The family acquired their land in the idyllic community of Lebanon, outside of Ridgeville, in the 1930s with money earned through a lucrative raccoon fur business. The hides were shipped to California, where many Old Hollywood mavens wore luxury coats made of their pelts.
(Left to right) How lovely are the branches of the evergreens lined up in rows at the Lebanon Christmas Tree Farm in Ridgeville, growing strong and ready to hold twinkling lights, bright stars, colorful orbs, and family ornaments in homes across the Lowcountry; (From left) Caroline Yerich, her late husband Dr. Kim Yerich, their daughter Julianna Velarde, and her husband Cesar Velarde
Velarde’s father, Kim Yerich, who spent his career as a veterinarian, started the tree farm with his late uncle. Yerich was an old-school, pen-and-paper guy until 2013, when Velarde ushered in new technology and more efficient systems to help the farm thrive. Each year, the father-daughter duo would make bets on which tree would be the first to sell. They were rarely right. “One year, we were convinced this one ugly tree would never be chosen, but it was the first one sold!” Velarde recalls. “It goes to show that the best Christmas tree is the one that people love.”
Yerich passed away in August at the age of 65, leaving Velarde with big shoes to fill. “My father was a people person, always happy and bubbly. He was my best friend and business partner. We complemented each other. He knew everything about trees and loved his family so much.”
That commitment drives Velarde to improve on the vision she and her late father shared. In addition to more efficient business practices, Velarde brings warmth and love to the operation, including making sure Santa responds in a timely manner to the letters he receives at the tree farm. “I do that because that is the spirit and joy of Christmas,” she says.

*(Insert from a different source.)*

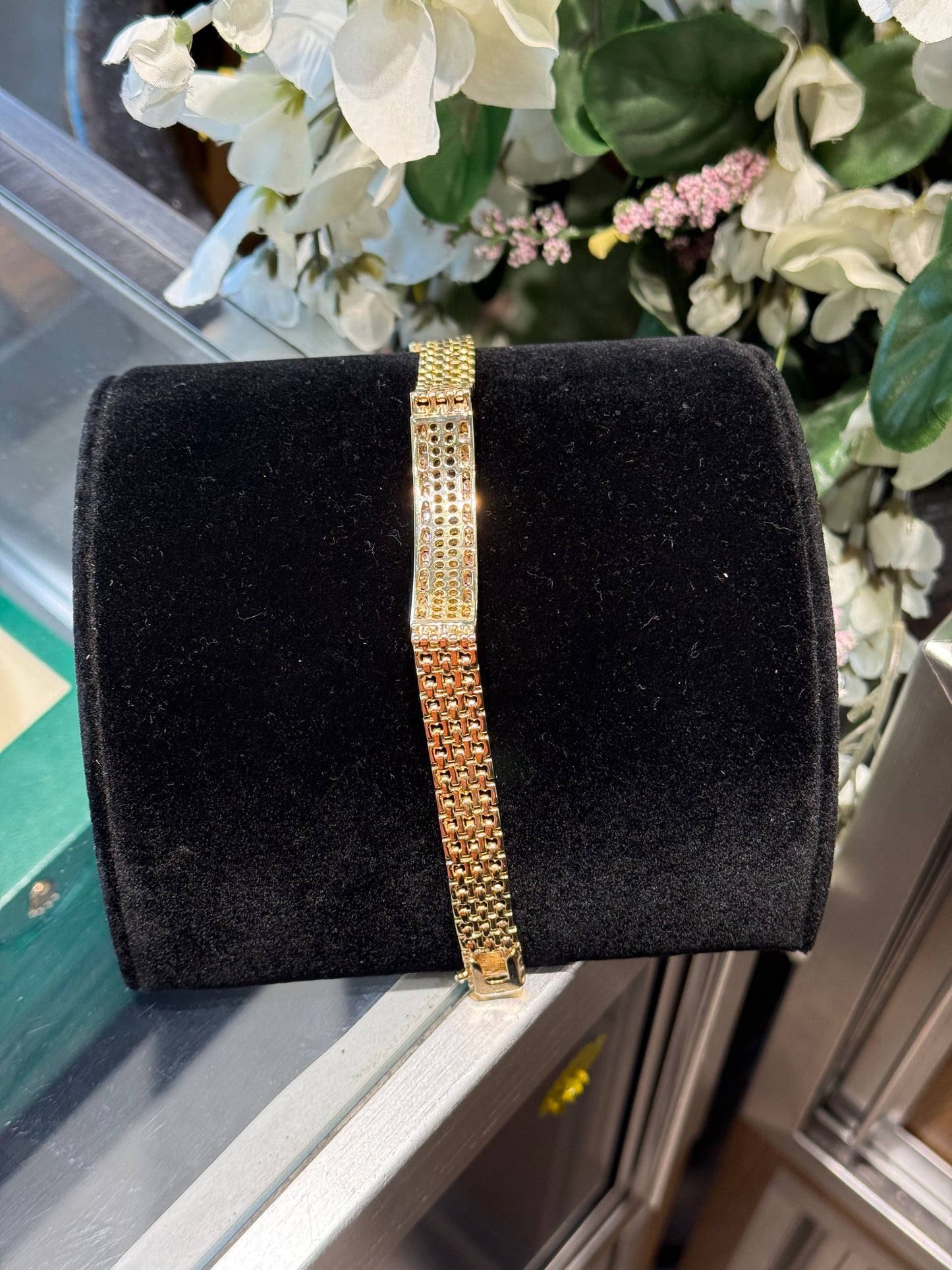 Gold bracelet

This January, she’ll plant two trees for each one cut down, like her father always did, keeping the tradition alive for generations to come.
“To me, Christmas means happiness and family. And that’s what I try hard to do with the tree farm,” Velarde says.
It’s Beginning to Look a Lot Like Christmas
Open November 20 to December 12
Monday-Friday, 10 a.m. to 5:30 p.m., Saturday & Sunday, 9 a.m. to 5:30 p.m.
Admission is free; Trees are priced by height, starting at $40.